Words and Photos: Jeff Kardas
Indianapolis' new Lucas Oil Stadium made for some good opportunities to make good photos. There was a lot of light floating around in there, and that made things much easier to shoot with available light. I had my buddy Carl Stone hold the light meter for me and take a reading: that's ISO1000, 1/500th and F/3.6! That's incredibly bright for an indoor stadium at night, and we were all loving it. It's a full two stops brighter than most indoor races out east.
Track access wasn't too terribly bad either (marked in green on the pic below), and the track layout made for a lot of great chances for unique pictures, too. On each side and the ends (where we all mostly hung out) there were different shots available due to there being whoops on one side (with a nice sand turn leading into them, plus the big wall jump), a rhythm section on the other, with some nice take-off shots available on the lead-in jump among others. On the ends was that big huckin' double and two sweepers in and out of it, and on the other end... nothing much.

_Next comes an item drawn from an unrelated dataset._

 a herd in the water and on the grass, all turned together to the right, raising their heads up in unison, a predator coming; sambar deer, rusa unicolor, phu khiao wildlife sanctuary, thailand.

We could even go inside the track interior a bit, but shooting wasn't so hot there except for a golden moment during the first practice when they took the big pole down on the curve-double jump and there was no T.V. video guy there hogging that section. See below for the results of that. I used an off-camera flash too, a Quantum X2D, and it worked great (for a change). I hand-held it as far away from the camera as my arm would allow, since the Feld floor jacks are not allowing us to setup any sort of off-camera flash during practice or any other time anymore. The chance to shoot that jump like this went away shortly after I did it, so I'm glad I spent the entire practice session shooting it since it was a beauty of a spot.